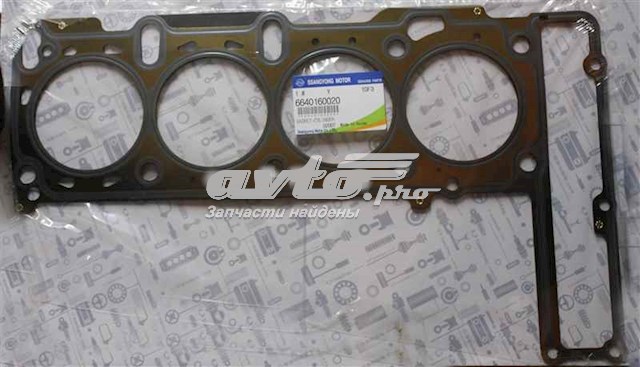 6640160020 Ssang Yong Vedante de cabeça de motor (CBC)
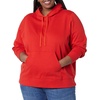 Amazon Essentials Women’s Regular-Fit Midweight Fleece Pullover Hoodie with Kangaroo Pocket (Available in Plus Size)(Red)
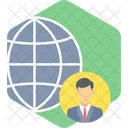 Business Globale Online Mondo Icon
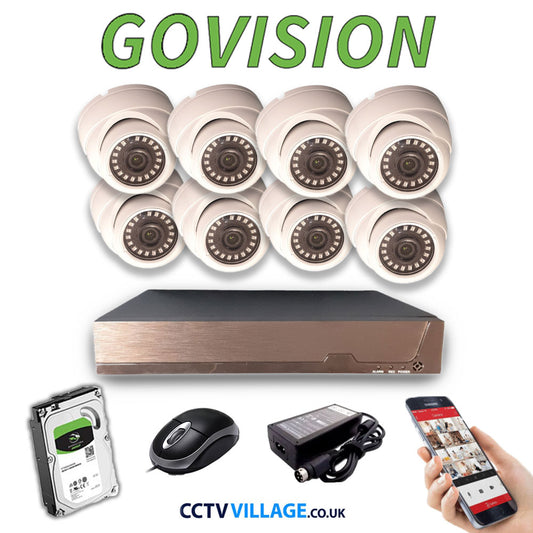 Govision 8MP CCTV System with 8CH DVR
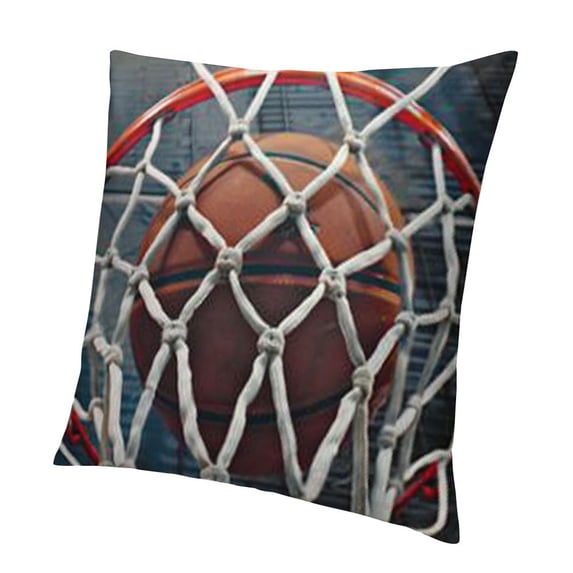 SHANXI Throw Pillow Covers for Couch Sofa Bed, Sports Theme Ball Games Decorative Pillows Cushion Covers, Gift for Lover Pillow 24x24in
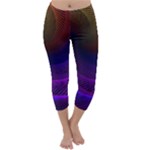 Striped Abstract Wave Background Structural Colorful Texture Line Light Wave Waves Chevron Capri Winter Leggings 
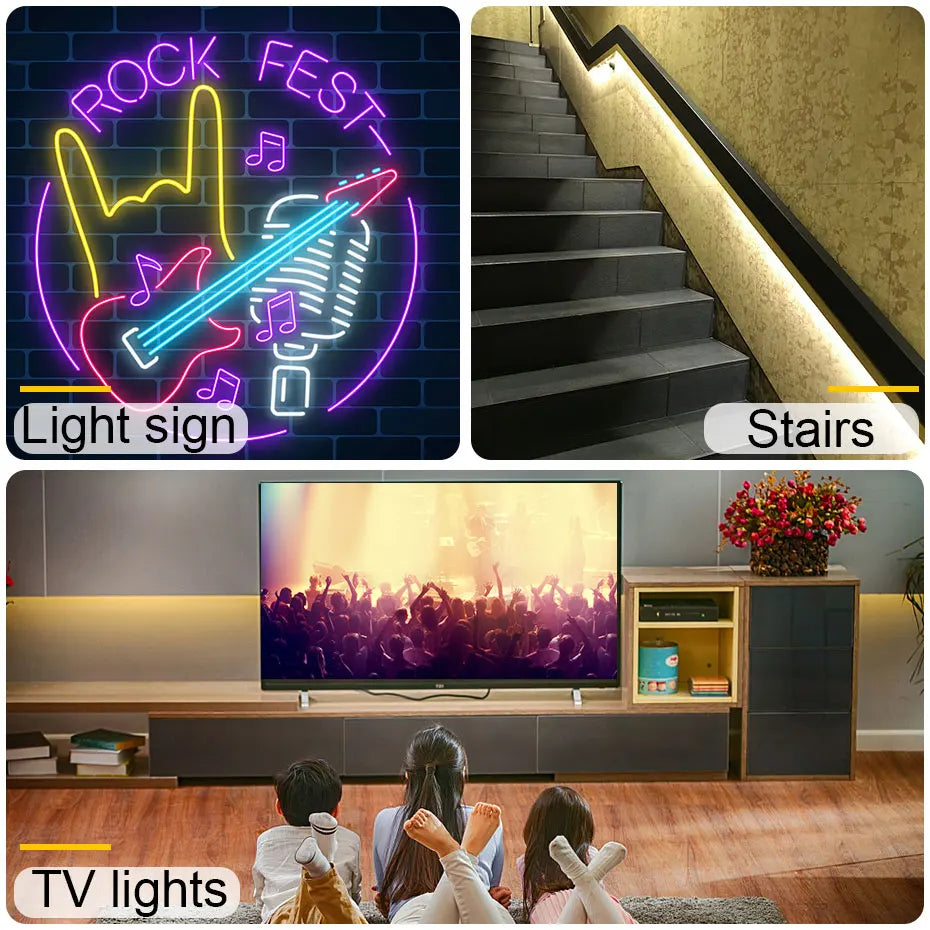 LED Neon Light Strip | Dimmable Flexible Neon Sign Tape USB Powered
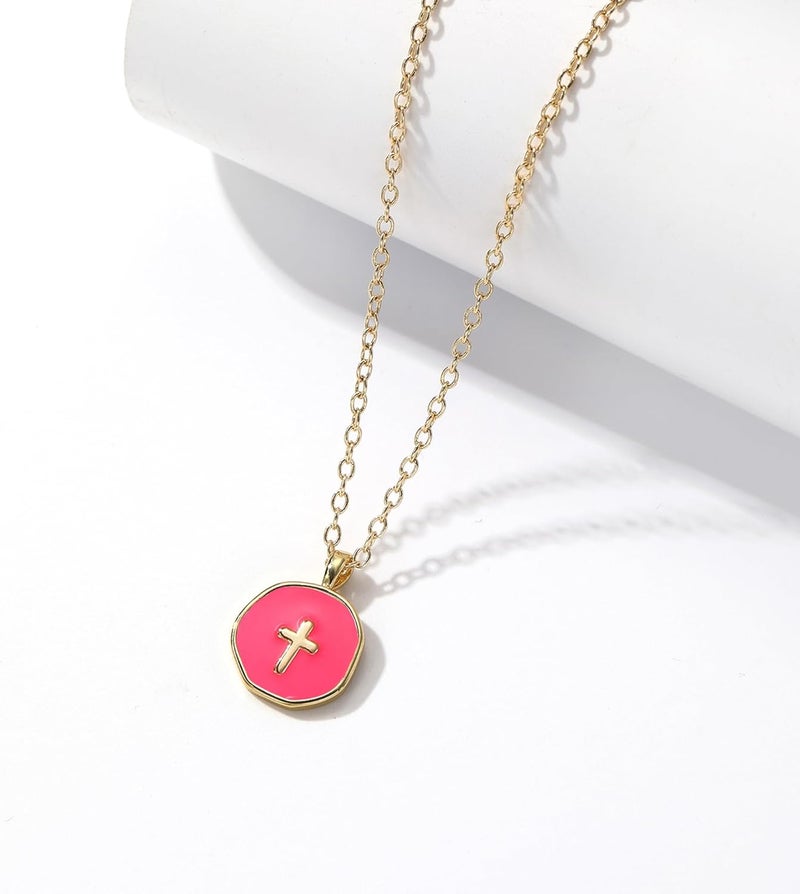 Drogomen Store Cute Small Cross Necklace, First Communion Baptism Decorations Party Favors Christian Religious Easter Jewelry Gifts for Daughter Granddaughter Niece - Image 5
- - - - - - -
* EXERCISE OBJECTIVE
Repeat each line of the records above exactly, but do not copy the pictures.

* OUTPUT
 6640160020 Ssang Yong Vedante de cabeça de motor (CBC)
 Amazon Essentials Women’s Regular-Fit Midweight Fleece Pullover Hoodie with Kangaroo Pocket (Available in Plus Size)(Red)
 Business Globale Online Mondo Icon
 Govision 8MP CCTV System with 8CH DVR
 SHANXI Throw Pillow Covers for Couch Sofa Bed, Sports Theme Ball Games Decorative Pillows Cushion Covers, Gift for Lover Pillow 24x24in
 Striped Abstract Wave Background Structural Colorful Texture Line Light Wave Waves Chevron Capri Winter Leggings 
 LED Neon Light Strip | Dimmable Flexible Neon Sign Tape USB Powered
 Drogomen Store Cute Small Cross Necklace, First Communion Baptism Decorations Party Favors Christian Religious Easter Jewelry Gifts for Daughter Granddaughter Niece - Image 5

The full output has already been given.